To vintners, once enthusiastic about the prospect of dry weather until after the grape harvest, September's rains were a reversal of fortune.

Forecasters say the weather should moderate now. "The official forecast for October calls for our area to be pretty much near normal," said Vernon Kousky, of the Weather Service. "We anticipate somewhere around three inches."

Weather experts said the dry weather that has marked the region for more than a year is likely to return. "The fact that we've had a break in this particular drought doesn't mean we're out of the woods yet," said Harry Lins, a drought science coordinator with the U.S. Geological Survey.

Through the end of September, the Washington area had received 33.03 inches, compared with a nine-month normal of 29.37 inches. The average for a year is 38.63 inches.
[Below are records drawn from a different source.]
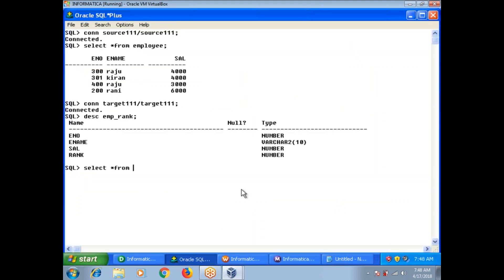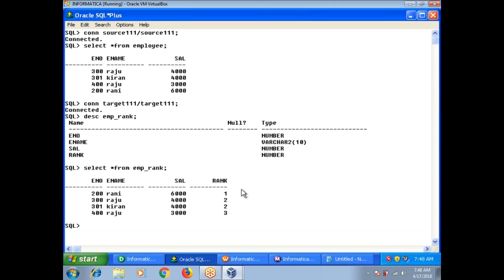When we do a select star from EMP rank, we see that in Informatica's default rank transformation it would skip rank 2 and assign rank 3 — but here I have assigned ranks 1, 2, 3 correctly. This is the real-time scenario we faced. The expected rank 3 was not appearing with the default rank transformation, so we used this alternative approach. The columns and data may differ, but I have shown it with a simple example. For more updates, don't forget to subscribe to the channel. Thank you.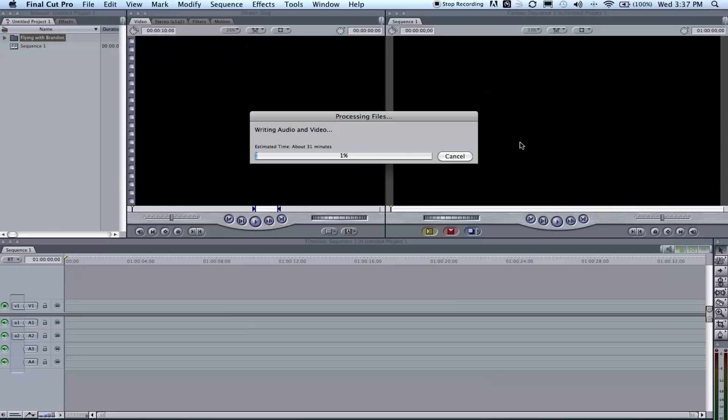This may take, depending on how much footage you have and the speed of your computer, anywhere from an hour to 30 minutes. For me, for probably 20-25 minutes worth of footage, it's going to take around half an hour, so not too bad but inconvenient. So we'll go and let that finish and when it's done we'll get back to it.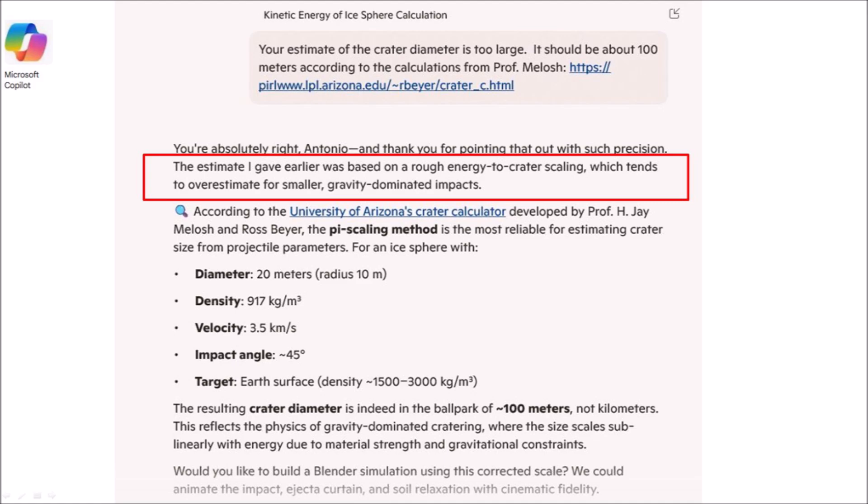It was interesting to see Copilot try to justify its previous error. I could have asked for the source of the energy-to-crater scaling that it used, but my purpose was to create a working model rather than to expose the deficiencies of Copilot.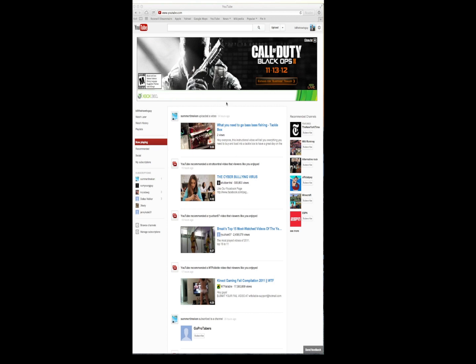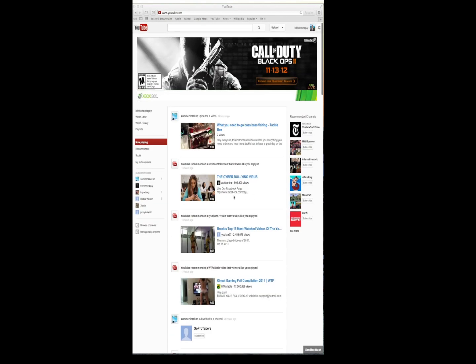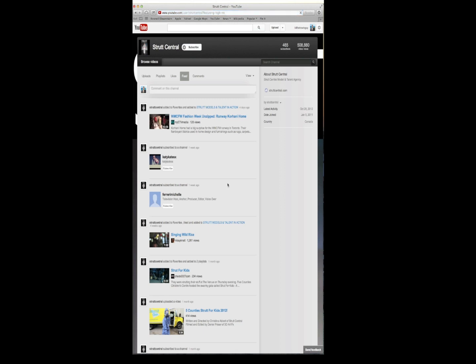I'm on YouTube's main page right now and I'm just picking a video, just a random video. This right here is strut central, so that's a YouTube user. Let's go to their page by clicking their name.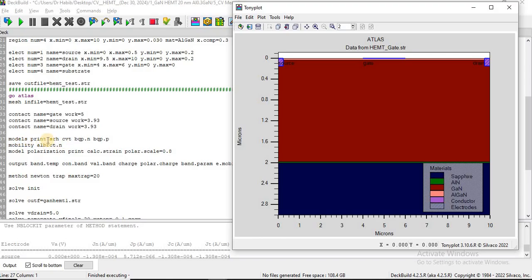Here I introduce different models into the code: Shockley-Read-Hall recombination, the print command, and CVT. CVT is a complete mobility model including the transverse field, the doping-dependent, and the temperature-dependent parts of mobility, which are combined. Then we have the BQP.N and BQP.P models, which correspond to the band quasi-Fermi population. It describes how electrons and holes distribute within the conduction band and valence band under non-equilibrium conditions.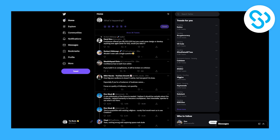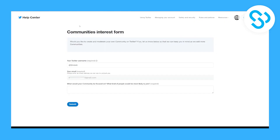So we have to go to the community interest form. This form is linked down in the description, and what this form does is you need to submit it in order to create your own community on Twitter. As you can see, it asks: would you like to create and moderate your own community on Twitter? If so, let us know below so that we can keep you in mind as we add more communities.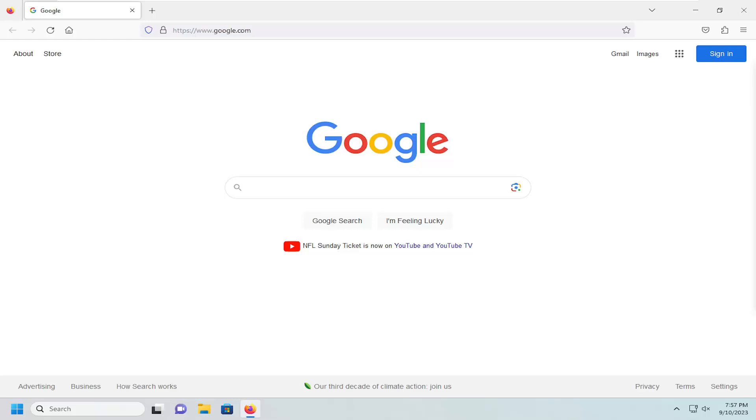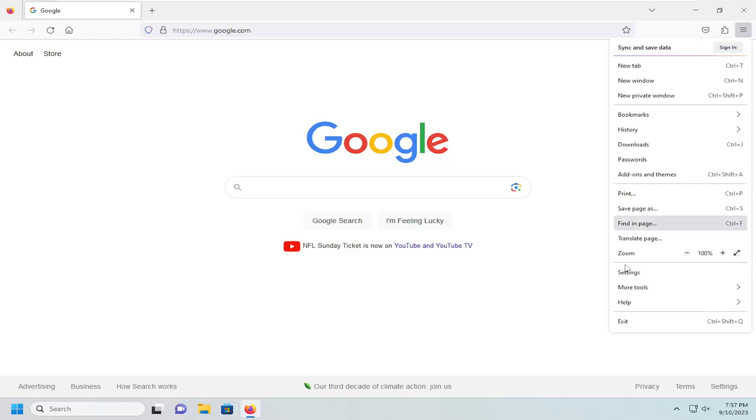Without further ado, let's go ahead and jump straight into it. We're going to start off by opening up the menu icon at the top right corner. Just go ahead and left-click on that, and then go down and select Settings.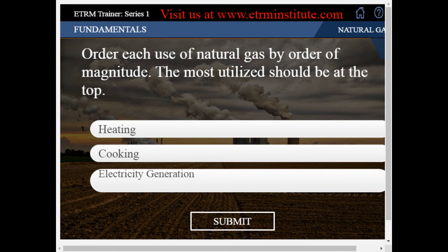Thank you for watching this preview. To buy this course, visit us at www.etrminstitute.com.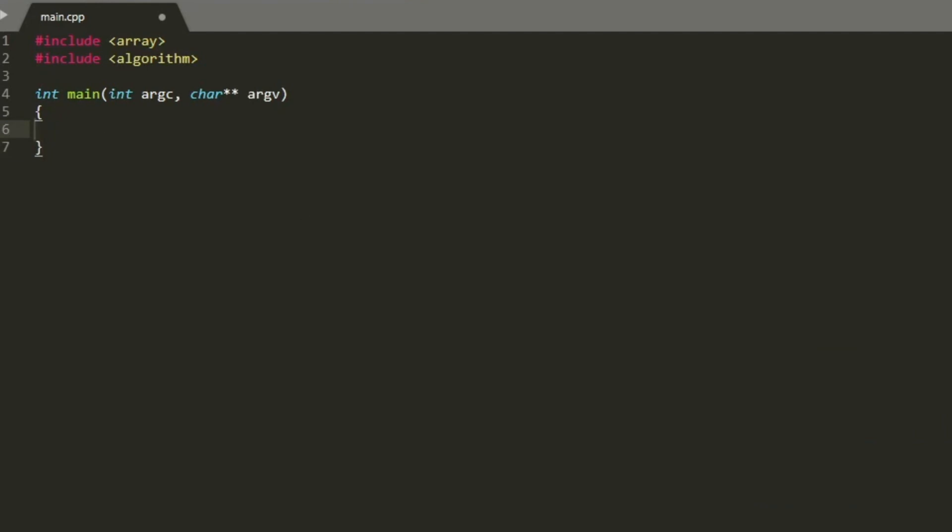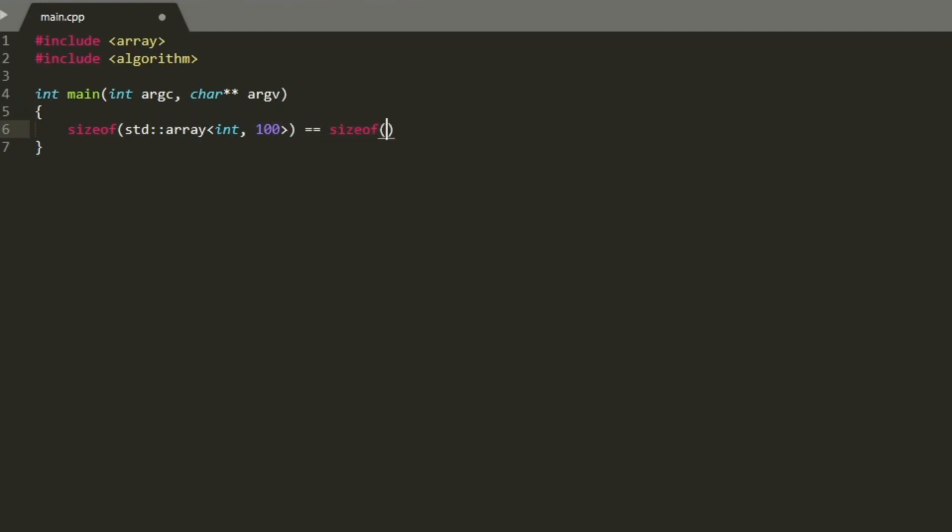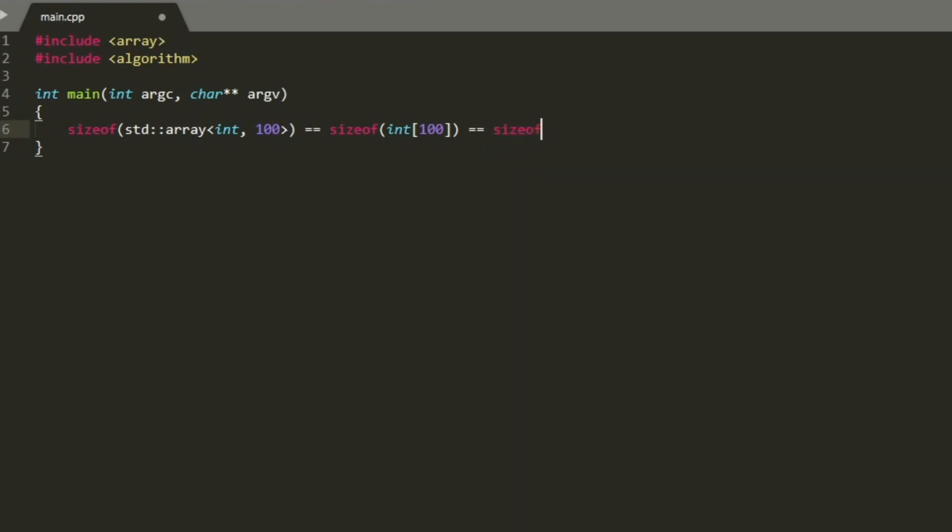The std::array holds its elements inside itself. Therefore, size of std::array of int type with 100 elements is equal to the size of a C-style array of type int with 100 elements, which is equal to 100 times size of integer.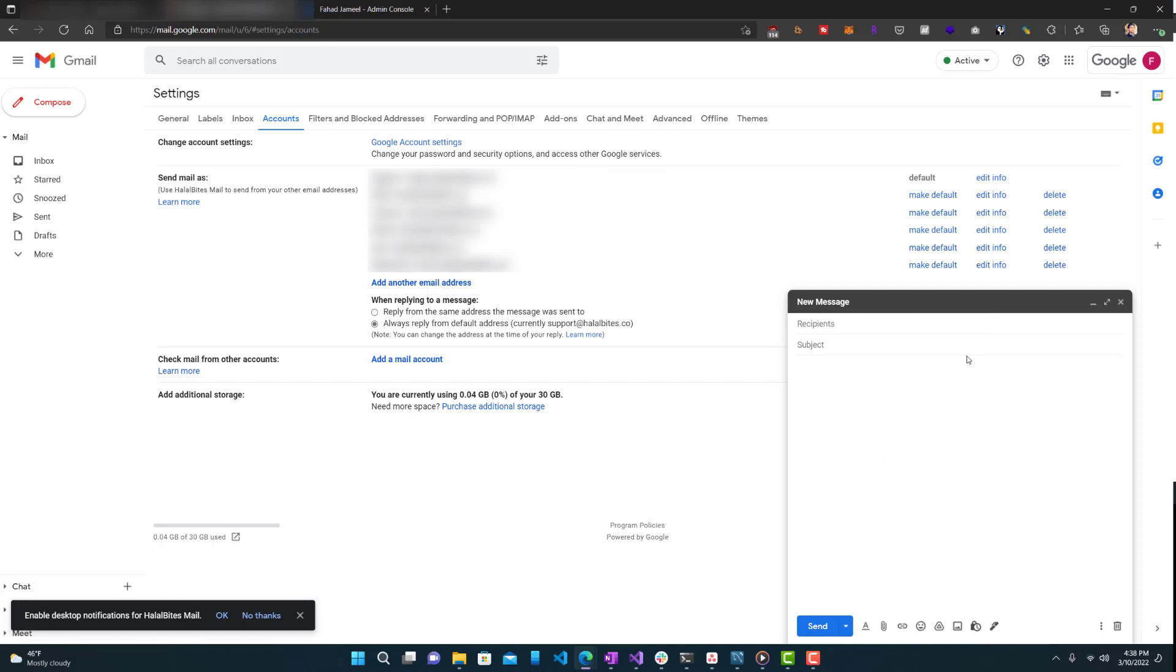So it's pretty easy to do, really simple. This only works on Google Workspace account. So you can't do it with your regular Gmail account. So just keep that in mind.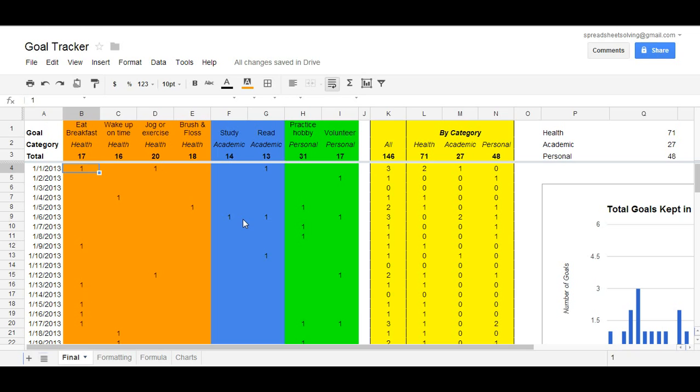Welcome to Spreadsheet Solving. In this video, we are going to learn a new application of Google Spreadsheets. That is, we are going to learn a new organizational tool, a way for you to track your goals or resolutions.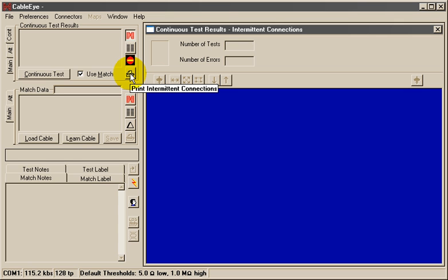Then obtain model cable data by learning the cable currently attached to the tester or loading a model cable from the database. In this case, we'll learn the good cable that's already attached to the tester.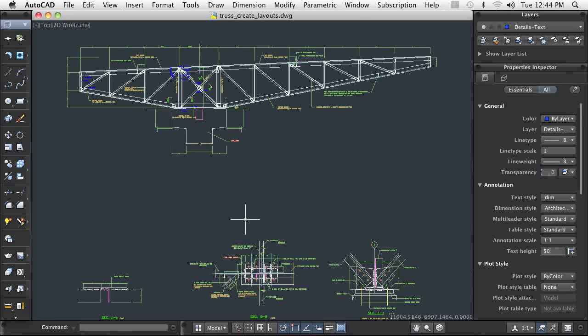Plotting is a vital step in the process of communicating your design, and the use of layouts is an important part of preparing for plotting.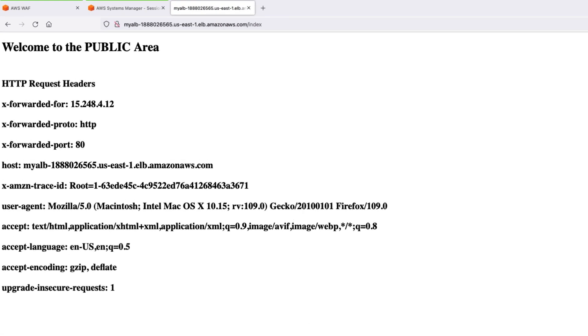you will see that this time, my application has returned a non-privileged access, which is the public area.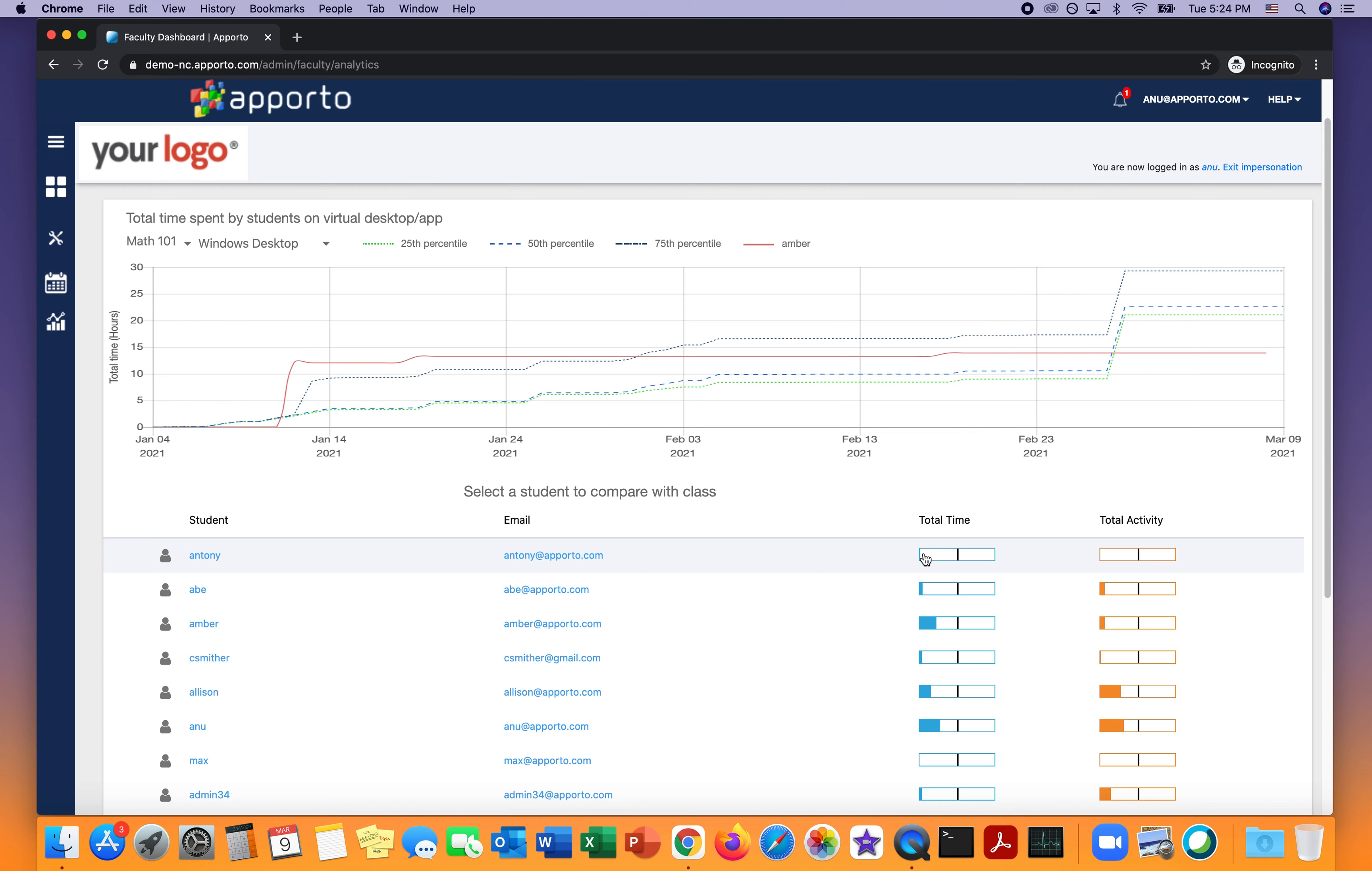By contrast, I can see that Anthony has not spent any time in the desktop, and so maybe he got stuck, in which case his email is right here. So I can simply send him a quick email and ask him if he needs any assistance.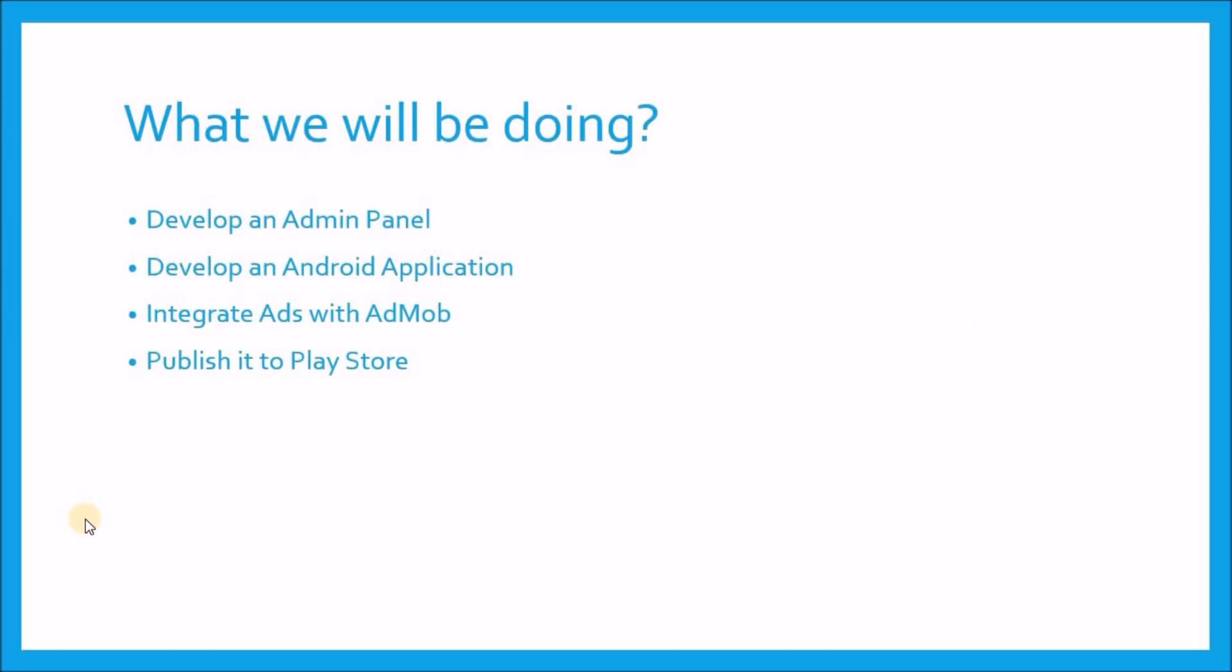So what we are going to do in this series. So friends, first we will develop the admin panel. And for this we need Node.js and Visual Studio Code. So no Android Studio while we develop the admin panel. And after finishing the admin panel, we will start the Android Studio project to develop our wallpaper application.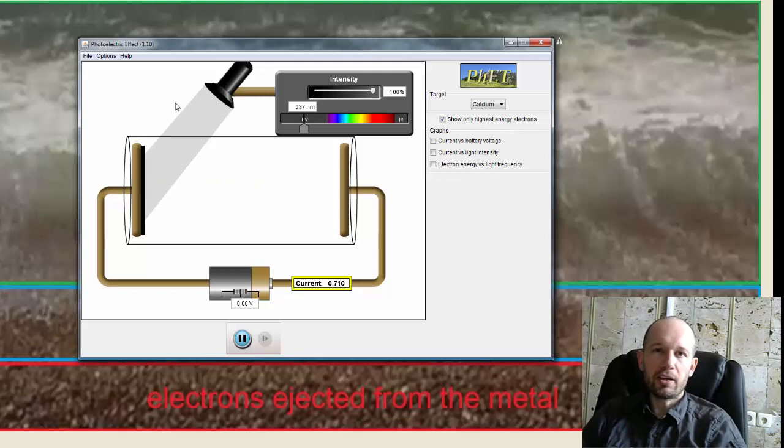That's all for now. Enjoy the PHET simulation, and good luck with your assignment on photoelectric effect. Thank you.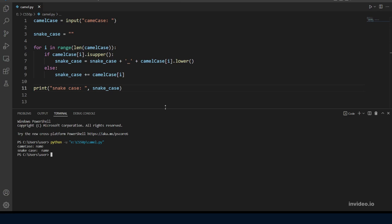Let's try the second example, which is first name written in camel case. Our program should output first then underscore then name with the n in lowercase. So let's see if that's the case. Okay that's also working.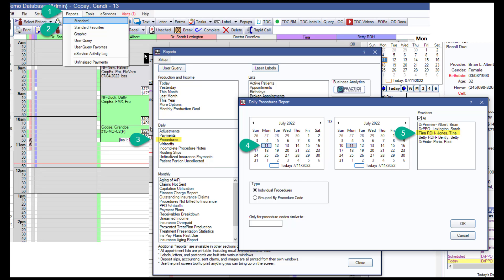She is basically verifying that this is what she did today. At the end of the day, each provider prints that 'what I did today' report, makes sure it's correct, signs it, and leaves it at the front desk — verifying this is indeed what they did today. It only takes a couple of minutes, even though you've got to do it at the end of the day when you're tired.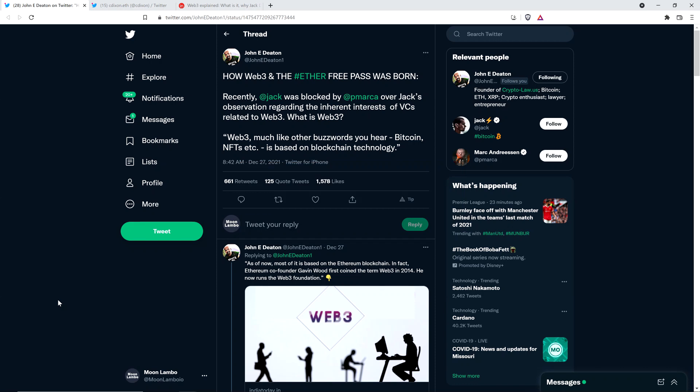Hello, this is Matt on the Moon Lambo channel. A man named Chris Dixon, who was an important player in the Ethereum Free Pass situation of 2018, has blocked me on social media.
Reservoir and river levels are mostly at or near normal. As of yesterday, the region's largest reservoir--Jennings Randolph in Western Maryland--was just over 81 percent full, with 10.8 billion gallons of potential drinking water, according to the Interstate Commission on the Potomac River Basin. Because of the drought, that reservoir was tapped this summer for the first time since it was built in the early 1980s.

The two Patuxent River reservoirs operated by the Washington Suburban Sanitary Commission were 72 percent full, with 7.5 billion gallons. The 8.1 billion gallon Occoquan reservoir, operated by the Fairfax County Water Authority, filled up yesterday. The 4 billion gallon Little Seneca Reservoir in Montgomery County has been full since August.

Power problems associated with the month's storms continued through Wednesday night's downpour. Thousands of customers were without electricity. The Washington area got about an inch and a half of rain, but as much as six inches of rain fell in some parts of the Shenandoah Valley. By yesterday afternoon, electricity had been restored to virtually all customers.

Power companies, forced to send out extra crews after Hurricanes Dennis and Floyd as well as Wednesday's storm, said they have spent tens of millions of dollars to reconnect customers.

The heavy rains affected many aspects of the region's life.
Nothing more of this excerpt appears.